The show was also released on DVD in other European countries, but only in the respective languages (i.e. without the original English audio). All of season 2 (and most of season 1) was released on DVD in Germany, and the entirety of season 1 was released on 5 DVD volumes in Russia.

===Streaming===
Season 3 was available on the Canadian YouTube channel Encore+ in both English and French until its shutdown in November 2022. This season was previously available in German on Kividoo.

===Music===
The three German-language theme songs for each season were released on Toggo music CDs volumes 4, 7, and 17 respectively by Sony Music, with the first and third-season songs being extended versions. The original English-language theme was also released on volume 2.
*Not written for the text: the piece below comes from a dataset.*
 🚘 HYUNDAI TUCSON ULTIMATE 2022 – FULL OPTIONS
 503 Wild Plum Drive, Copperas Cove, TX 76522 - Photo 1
The soundtrack (including themes) from the first two seasons is distributed as production music by Red Brick Songs (formerly Casablanca Media Publishing) in Canada.

==Reception==
What's with Andy? received very high ratings in a number of countries.

On Teletoon in Canada, it was reported to be the second highest-rated original production as of October 2007. The show's sense of humour proved popular enough that Teletoon's vice president of programming cited it as an influence on the later Teletoon original Carl^{2}.

The series also had about 40% market share in France (Fox Kids/TF1) and Germany as of 2003. It proved particularly popular in Germany, winning a fall 2002 Super RTL cartoon election poll with 60% of the vote, and obtaining the second-highest ratings on the channel in July 2006. Andy also beat SpongeBob SquarePants in a mock election held to elect a Super RTL character as "children's chancellor" alongside the real 2005 German federal election, despite strong competition from the launch of Nickelodeon in Germany around the same time.